Response 4.1) In addition, as per the suggestion from reviewer 3, we performed an AlphaFold2 model prediction (AlphaFold Protein Structure Database (ebi.ac.uk) see entry Q13111). Indeed, AlphaFold2 predicts a long alpha helix covering residues 335-448, matching almost exactly the predicted helix for residues 330-448. We have added this support to the manuscript (lines 357). Furthermore, we used AlphaFold-Multimer to evaluate the possibility that the KER domain does indeed form a coiled-coil, as it was predicted for some time (Figure 6C line 391). The arginine residue is highlighted in the following picture.

Response 4.2)  The lack of an apparent helix N-terminal of the co-crystallized RFF residues may probably be due to not having enough amino acids to form a helix. Both secondary structure prediction, in silico modeling and in solution SAXS data demonstrate that the p150L domain of CAF1 adopts a long alpha-helical structure. However, it cannot be excluded that upon binding to PCNA, part of this domain, including the PIP box, rearranges in order to exhibit its residues involved in the binding interface. In other words, it is possible that binding of CAF-1 p150L to PCNA would stabilize the N-terminus of this structure as a sort of higher order regulation which might involve multiple post translational modifications on either of these proteins. While understanding this mechanism is important, it is beyond the scope of this manuscript.

5. Figure 5. In the text in lane 120-121, RFF residues are numbered as 426-428. However, these residues are not detected at corresponding positions in Fig 5, instead they are found at residues 446-448.

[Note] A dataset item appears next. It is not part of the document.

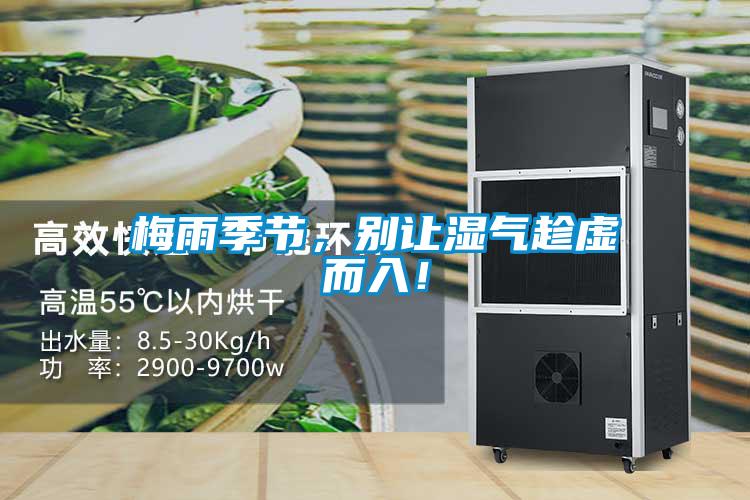 梅雨季節(jié)，別讓濕氣趁虛而入！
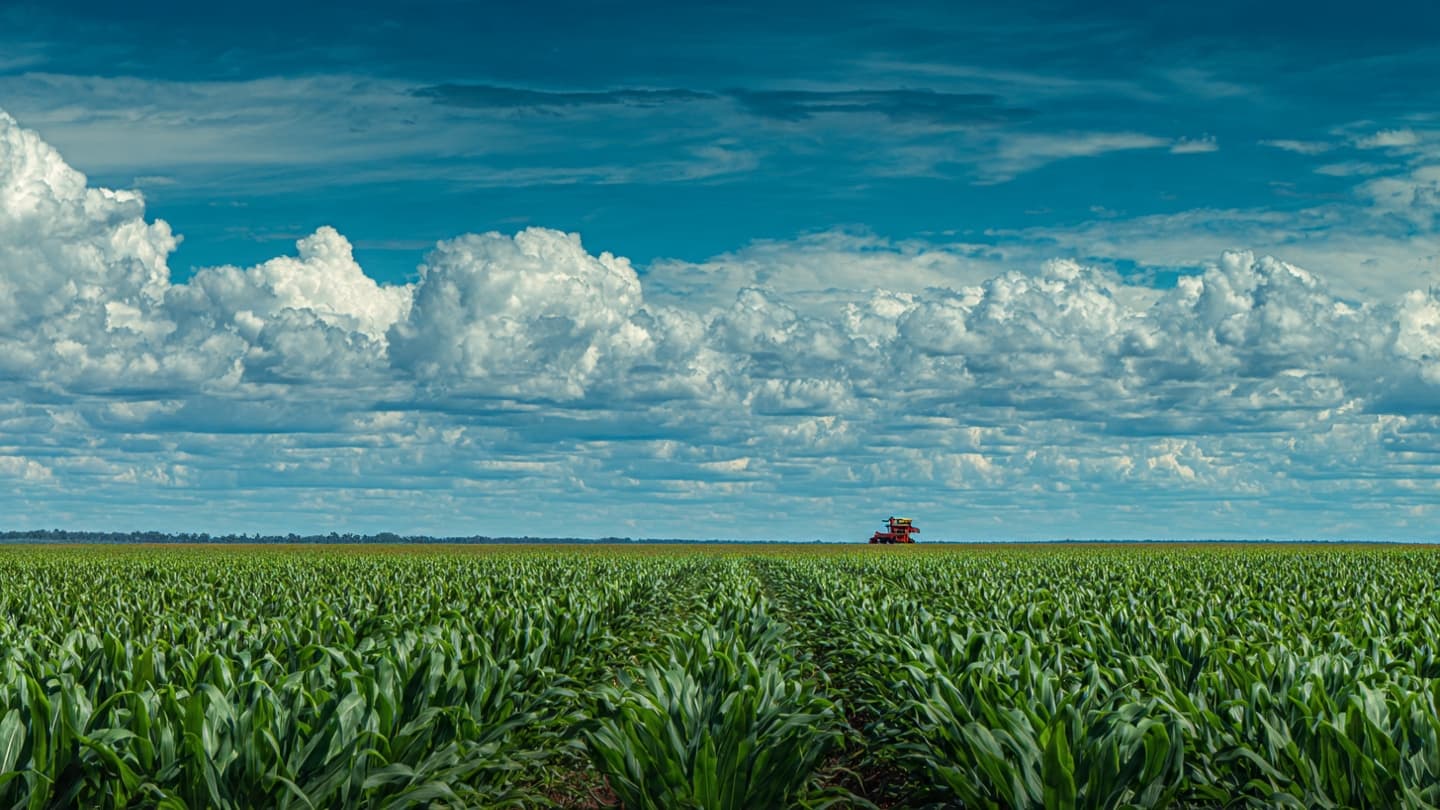 Argentina’s Corn Finds New Routes Across Global Markets as War and Heat Reshape International Grain Trade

Response 5) The CAF-1 p150 sequences in human and mouse are identical near the PIP box, but the total length of Q13111 in CAF1A_HUMAN is 956aa and total length of Q9QWF0, CAF1A_MOUSE is 911 aa. Because there are extra residues in the full length human CAF-1 sequences, the amino acid numberings differ by an extra 21 amino acids just before the start of the PIP box. The crystallography studies and the biochemistry experiments were performed considering the mouse sequences and hence in the mouse sequence the PIP box begins at 421-KAEITRFF-428, this was mentioned in section 2.2.1 line number 212 and section 4.1 line 638. The secondary structure prediction, represented in Figure 5 and subsequent SEC-MALS, SEC-SAXS experiments were performed with human CHAF1A sequences and correspondingly PIP box sequences in the case of human will be 442-KAEITRFF-449 this was the reason for these differences, this was briefly mentioned in line 344 and in supplementary method section S.M.2 line 866.

6. Readers are acknowledged if PIP boxes are marked in the Supplementary Figures1 to 3 as red boxes as shown in Figure 5.

Response 6) The suggested changes from reviewer 3 were incorporated in the supplementary figures of the manuscript.